ビジネスで重要な課題の一つに後継者への引継ぎがあります。事前に事業承継をしていないと、正しく会社を渡すことができません。
ただ、先代社長から後継者へ株式譲渡するときは贈与税を課せられるようになります。中小企業の非公開株式であっても、株価が非常に高額になっていることはよくあります。
社長が保有する資産のうち、株式が大多数で現金がほとんどないことはよくあります。この場合、引き継げる現金財産は少ないのに、無駄に税金が高くなり、後継者の親族は会社を引き継げません。これが外部の後継者だと自己資金で頑張る必要があるため、贈与税の問題によってより事業承継が難しくなります。
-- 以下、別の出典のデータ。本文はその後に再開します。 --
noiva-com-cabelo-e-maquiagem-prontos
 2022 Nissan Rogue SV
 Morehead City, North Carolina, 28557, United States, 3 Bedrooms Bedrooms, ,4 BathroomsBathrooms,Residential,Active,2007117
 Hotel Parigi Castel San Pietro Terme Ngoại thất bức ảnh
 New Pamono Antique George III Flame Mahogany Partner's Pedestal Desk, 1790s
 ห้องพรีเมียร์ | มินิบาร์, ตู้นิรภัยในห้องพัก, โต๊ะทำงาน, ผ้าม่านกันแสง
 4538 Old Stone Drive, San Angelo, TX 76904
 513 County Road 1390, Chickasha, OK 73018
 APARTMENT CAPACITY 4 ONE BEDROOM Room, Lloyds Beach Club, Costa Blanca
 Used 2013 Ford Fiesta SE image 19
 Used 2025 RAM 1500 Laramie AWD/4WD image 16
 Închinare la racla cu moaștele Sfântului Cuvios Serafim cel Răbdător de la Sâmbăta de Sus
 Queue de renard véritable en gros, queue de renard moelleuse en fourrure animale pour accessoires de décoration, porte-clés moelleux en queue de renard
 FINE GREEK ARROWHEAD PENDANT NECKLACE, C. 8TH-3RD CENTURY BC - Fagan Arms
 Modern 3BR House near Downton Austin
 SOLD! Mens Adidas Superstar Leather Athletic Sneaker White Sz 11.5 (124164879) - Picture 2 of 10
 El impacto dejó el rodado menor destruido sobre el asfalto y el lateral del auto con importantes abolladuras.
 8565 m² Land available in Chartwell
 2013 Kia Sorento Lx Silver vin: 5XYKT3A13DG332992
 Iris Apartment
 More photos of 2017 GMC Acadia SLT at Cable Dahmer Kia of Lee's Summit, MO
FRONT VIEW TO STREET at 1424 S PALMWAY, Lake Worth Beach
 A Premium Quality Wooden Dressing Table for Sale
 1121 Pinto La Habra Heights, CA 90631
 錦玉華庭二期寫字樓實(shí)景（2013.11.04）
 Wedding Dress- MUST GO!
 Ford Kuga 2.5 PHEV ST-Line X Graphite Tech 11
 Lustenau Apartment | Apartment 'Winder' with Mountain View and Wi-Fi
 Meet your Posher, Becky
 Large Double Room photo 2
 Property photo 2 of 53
そこで株価引き下げ対策を実施したあとに生前贈与するのが一般的です。株価対策をするからこそ、贈与税を抑えながら事業承継できるのです。そこでどのように中小企業が株価を下げることで企業価値を抑え、株式譲渡(株式移転)すればいいのかを解説していきます。
もくじ
保有資産が多くなる中小企業の法人は株価が上がる
大企業であると「株式評価額が非常に高くなっている」と誰でも想像できます。ただ、これは中小企業も同じです。社員数の少ない中小零細企業であっても、株式の金額が非常に高額なことによって資産1億円以上などになっていることはよくあります。
会社経営していると、「黒字が積みあがる」「固定資産を保有する」などにより、株式評価額が高くなってしまうからです。
会社価値が高いのは非常に優れています。ただ、その状態のままで後継者へ株式譲渡・生前贈与をする場合、後継者はお金を払うことができずに困ってしまいます。そこで、会社価値を敢えて下げます。会社価値を引き下げるのは良くないですが、これをしないと事業承継が進まないために多くの経営者が実施します。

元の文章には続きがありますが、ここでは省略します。